Mönchengladbach "Ich wurde schnell zu einem Fanatiker"

Mönchengladbach · Dominic Schmitz war Salafist. Er hat den Ausstieg geschafft und berichtet darüber beim Mönchengladbacher Pilotprojekt "Kopfsache".

 Dominic Schmitz bei einem Besuch in einer Schule in Grefrath. Gestern gemachte Bilder gab er nicht zur Veröffentlichung frei.

Dominic Schmitz bei einem Besuch in einer Schule in Grefrath. Gestern gemachte Bilder gab er nicht zur Veröffentlichung frei.

Foto: Wolfgang Kaiser

Eine Horde Jugendlicher ruhig zu bekommen, die in eine Aula stürmen, ist so eine Sache. Vor allem wenn die Smartphones in der Tasche bleiben müssen. Bei den Schülern von der Realschule an der Niers ging das gestern ziemlich schnell. Sie nahmen an einem Crashkurs gegen Radikalisierung teil. Das Mönchengladbacher Projekt, das bislang einzigartig in NRW ist, soll Jugendliche widerstandsfähiger gegen Missionierungsversuche extremistischer Salafisten machen und setzt dabei auf Schockbilder und Emotionen.

Der Mönchengladbacher Dominic Schmitz (30) gehört zu den Menschen, die sich einfangen ließen von Salafistenpredigern. "Ich habe sogar dem Bäcker eine CD von Pierre Vogel geschenkt." Aber Dominic Schmitz hat auch den Ausstieg geschafft, "obwohl ich Morddrohungen bekam und deshalb vor zwei Jahren in eine andere Stadt ziehen musste". Als 17-Jähriger konvertierte der Mönchengladbacher zum Islam. "Vorher habe ich nur gekifft, sogar morgens vor der Schule." Er sei damals lustlos gewesen und orientierungslos.
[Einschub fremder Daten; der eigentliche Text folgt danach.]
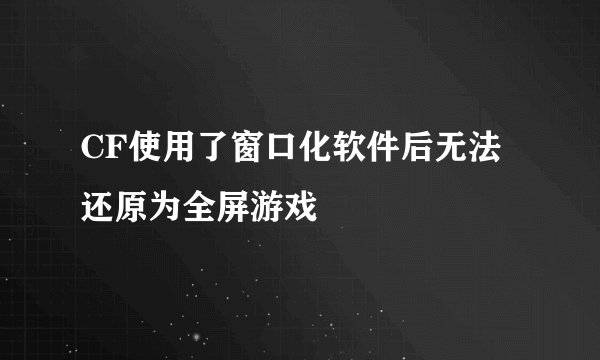 CF使用了窗口化软件后无法还原为全屏游戏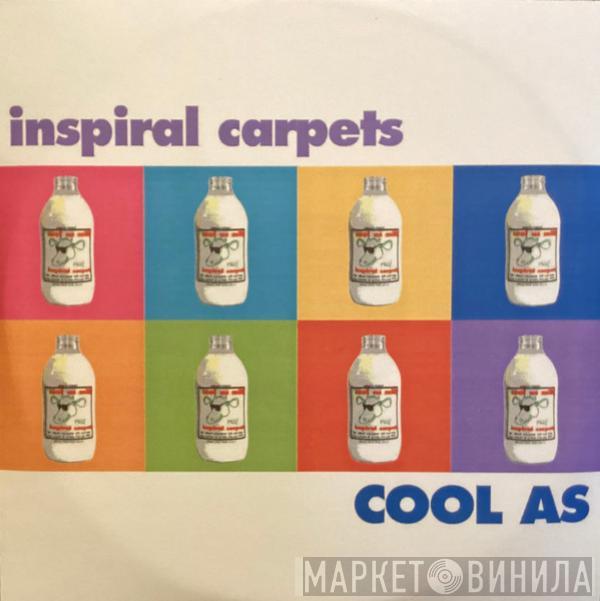 Inspiral Carpets - Cool As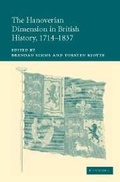 Cover: The Hanoverian Dimension in British History, 1714-1837 - Cambridge University Press
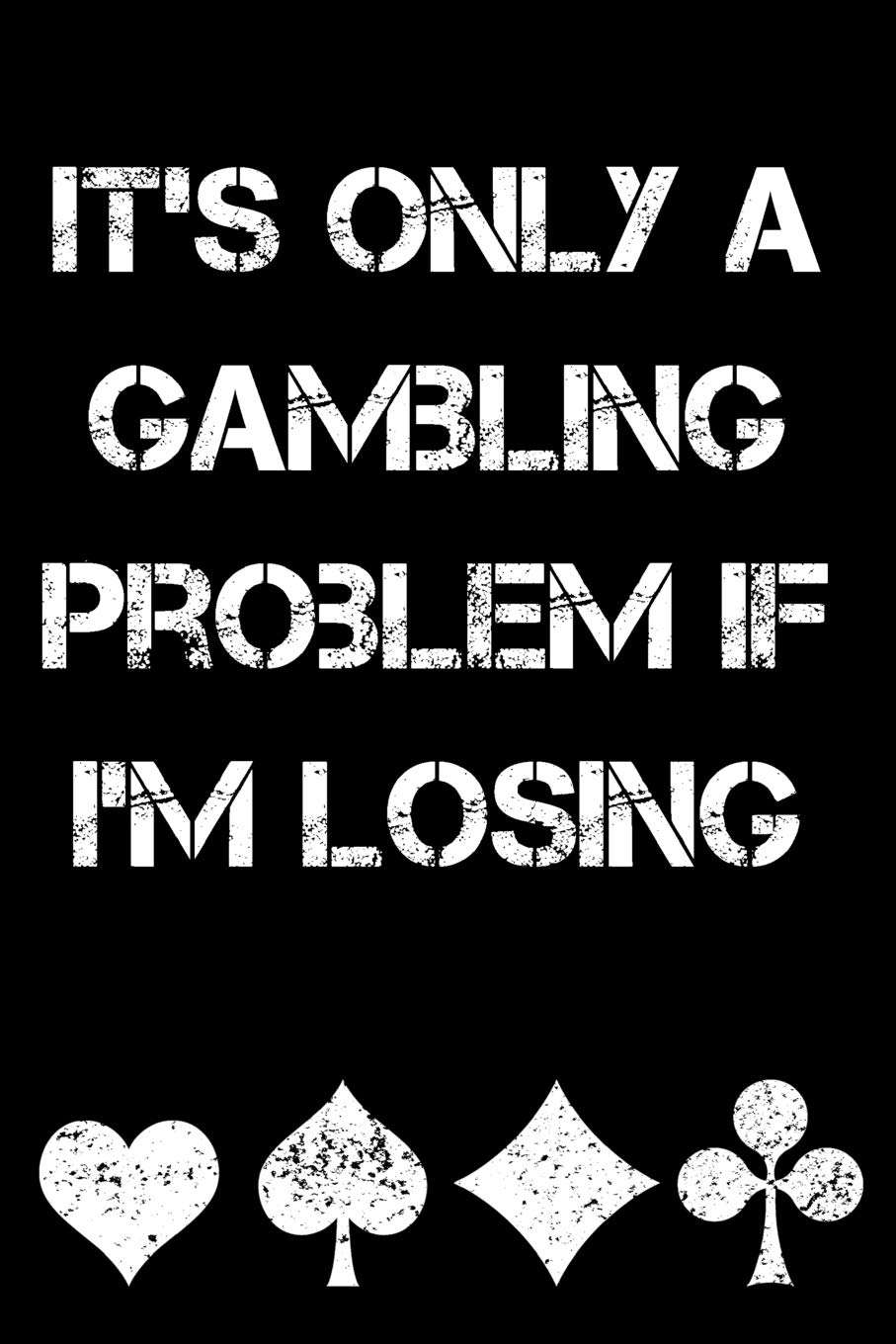 It's Only a Gambling Problem If I'm Losing: Blackjack Journal with Basic Strategy Card (Lined Notebook) baixar o livro de graça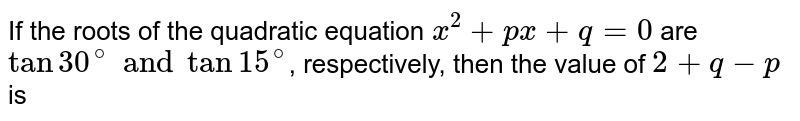 If the roots of the quadratic equation `x^(2) +px+q= 0` are `tan 30^(@) and tan 15^(@)`, respectively, then the value of `2+q-p` is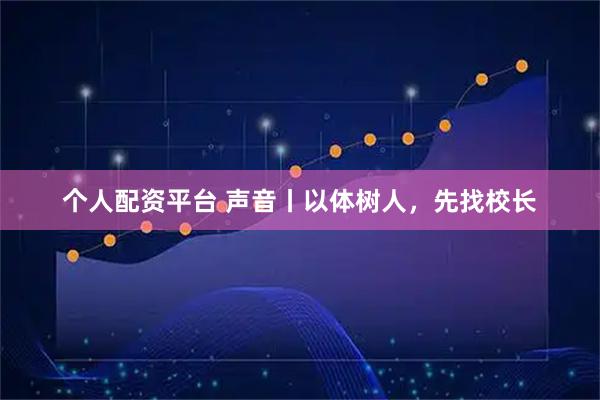 个人配资平台 声音丨以体树人，先找校长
Auf die häufig gestellte Sinnfrage habe er keine Antworten bekommen, bis ein muslimischer Freund, der lange verschwunden war, plötzlich vor seinem Fenster stand. Der hatte sich komplett gewandelt. Er sagte keine Sätze mehr wie "Ey, was geht ab?", sondern drückte sich ganz anders aus, sprach von Allah. Er kiffte nicht mehr, hörte keine Musik mehr, wollte nur nach eigenen Worten noch ein guter Muslim sein. Das imponierte Dominic Schmitz. Er wurde Teil der Gemeinschaft, fühlte sich akzeptiert, heiratete eine Muslima sieben Tage, nachdem sie ihm in einer Moschee vorgestellt worden war und die er eigentlich gar nicht kannte. Und er wurde nach eigenen Worten schnell ein Fanatiker. In einem Buch hat er über sein Leben als Salafist geschrieben und auch über seinen Ausstieg. Wie eng das Korsett ist, das man als Salafist trägt, erkannte er, als er einen alten Freund wiedertraf, mit dem er als Salafist nicht befreundet sein durfte, weil er ein Kuffar (Ungläubiger) ist.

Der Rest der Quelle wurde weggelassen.